Pour respecter les accords européens, le nouveau ministre de l’intérieur devra organiser l’arrivée de 26 506 migrants avant fin 2017, dans le cadre de la relocalisation. La France qui, à l’automne 2015, s’était engagée à l’arrivée de 30 000 réfugiés en provenance de Grèce, d’Italie et de Turquie, n’en ayant accueilli que 3 404 sous le quinquennat Hollande.

Le candidat Macron a par ailleurs promis dans son programme de réduire la durée d’étude des dossiers de demandeurs d’asile à six mois, procédure d’appel comprise. Un chantier qui passera forcément par l’augmentation du nombre de fonctionnaires affectés à cette mission au sein des préfectures. C’est aujourd’hui un des points de blocage majeurs.

Reste à savoir ce que le nouveau chef de l’Etat envisage en matière d’accueil des migrants. A Paris, le centre de transit déborde, laissant de nombreuses personnes à la rue faute d’une prise en charge efficace de l’Etat à la sortie. A Calais la situation empire de jour en jour, et à la frontière franco-italienne de nombreux migrants sont refoulés, empêchés de déposer leur demande d’asile en France. 

  • Cultes : la question du financement de l’islam

Le gouvernement Cazeneuve laisse un chantier inachevé dont le candidat Macron a semblé vouloir reprendre les grandes lignes : celui de l’organisation du culte musulman.

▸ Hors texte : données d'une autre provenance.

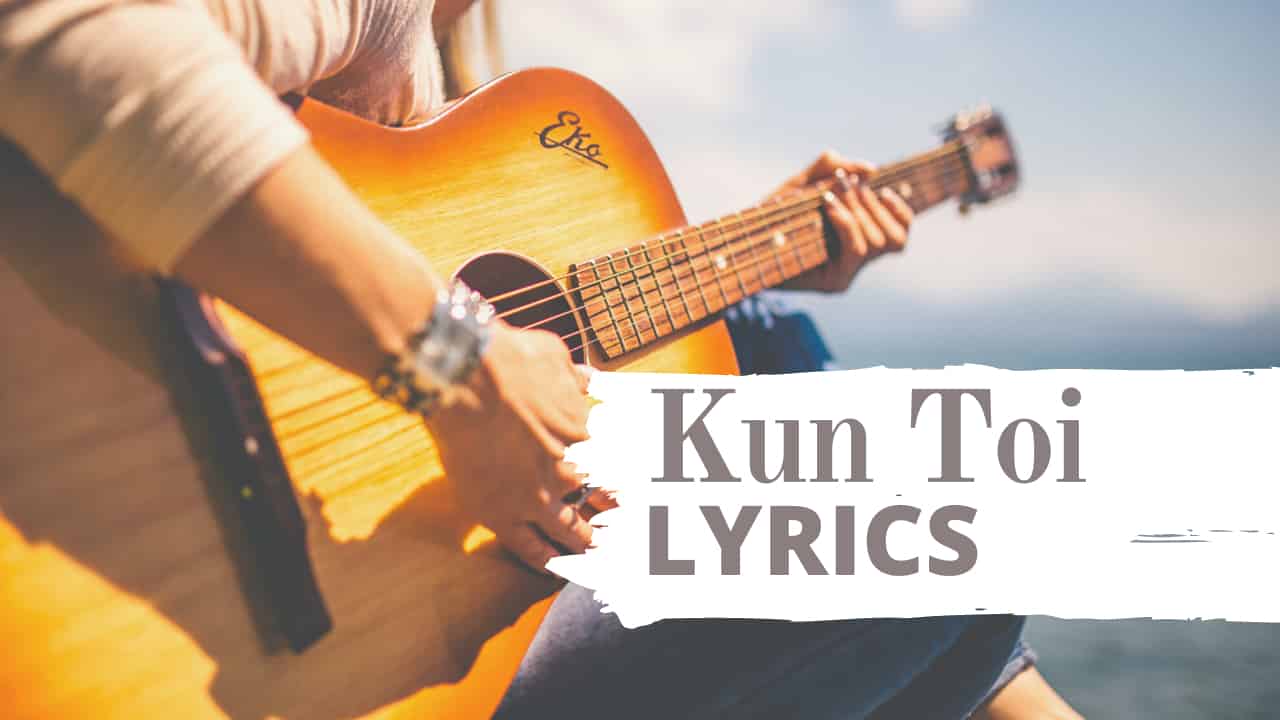 Sharat Gogoi Kun Toi lyrics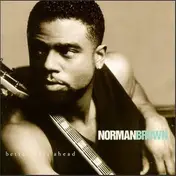 Norman Brown - Better Days Ahead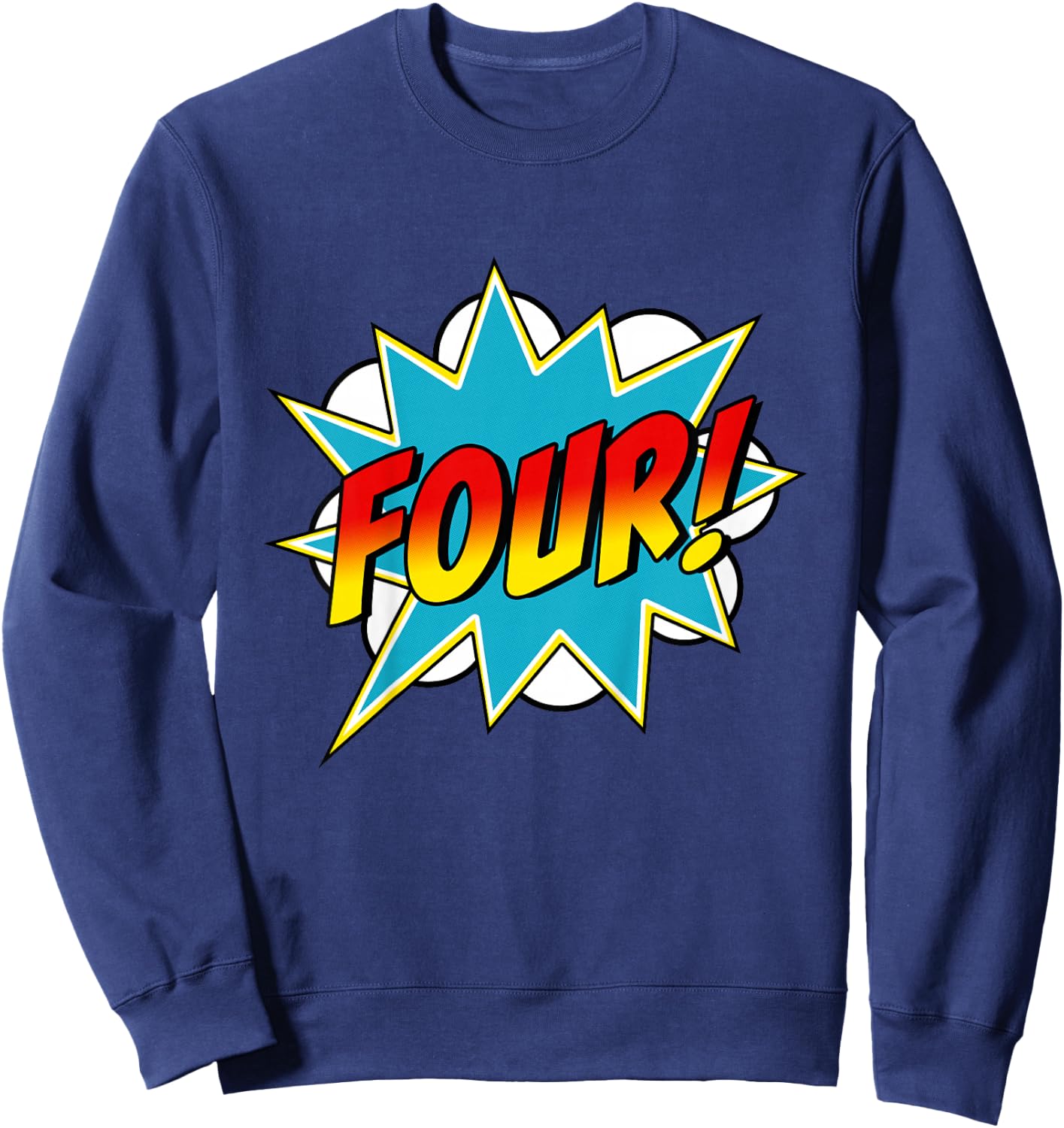 Four! 4th Birthday Superhero Boys 4 Years Old Comic Book Sweatshirt - Sweatshirt | Navy
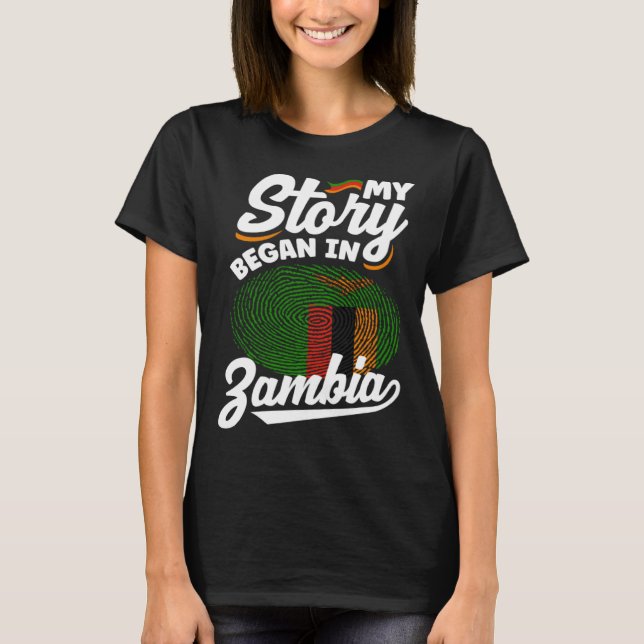 Zambian Zambia Zambian Flag My Story Began In Zamb T-Shirt (Vorderseite)
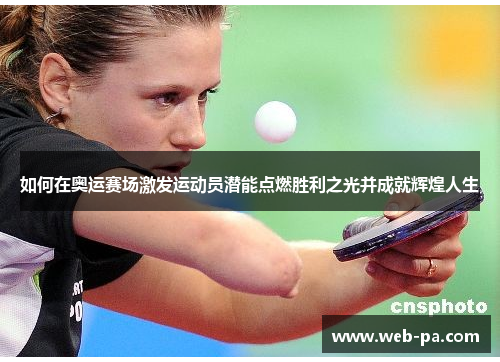 如何在奥运赛场激发运动员潜能点燃胜利之光并成就辉煌人生
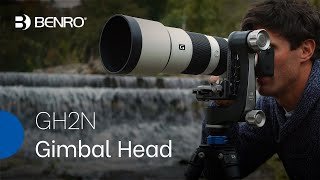 Benro GH2N Gimbal Head | More Stability in a Lighter Package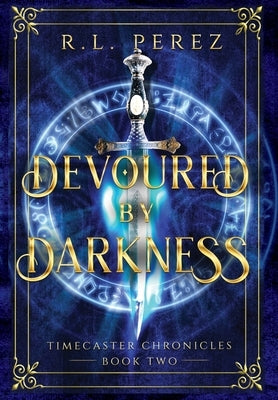 Devoured by Darkness by Perez, R. L.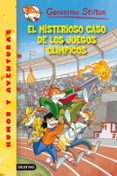 GERONIMO STILTON 47: EL MISTERIOSO CASO DE LOS JUEGOS OLIMPICOS de STILTON, GERONIMO 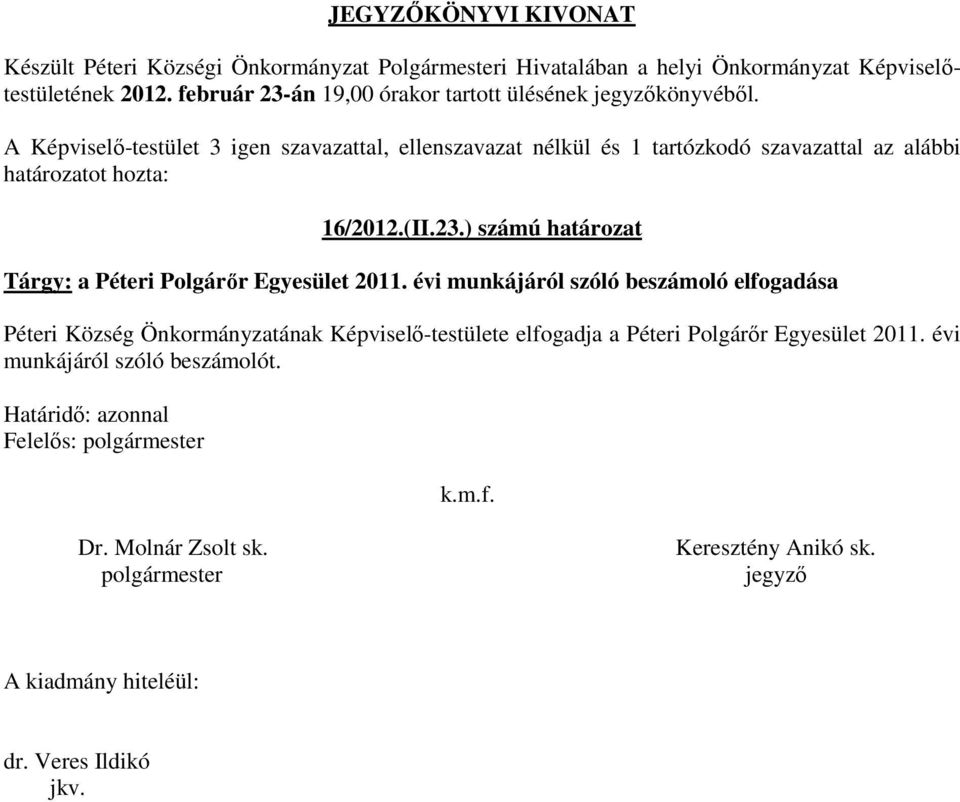 16/2012.(II.23.) számú határozat Tárgy: a Péteri Polgárőr Egyesület 2011.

Place Beauvau, après les attentats de janvier 2015, Bernard Cazeneuve avait imaginé un système à deux étages. Une Fondation de l’islam de France, d’intérêt public, chargée d’impulser et de financer des actions universitaires, éducatives et culturelles liées à la connaissance de l’islam. Elle est en place depuis quelques mois sous la présidence de Jean-Pierre Chevènement.

Le second volet, en revanche, est au point mort. Il s’agit de la création d’une association cultuelle qui serait en mesure de financer la construction de mosquées et la formation des imams. Du fait de la loi de 1905 sur la séparation des Eglises et de l’Etat, cette institution ne peut être que privée. Mais les différentes fédérations musulmanes, qui ont chacune des sources de financement particulières, sont loin d’un accord pour y parvenir. Le programme de campagne du nouveau chef de l’Etat prévoyait la création d’une « fédération nationale de l’islam de France, regroupant des associations cultuelles locales » aptes à financer la construction de mosquées et la formation d’imams. Cela suppose de mettre ces fédérations d’accord.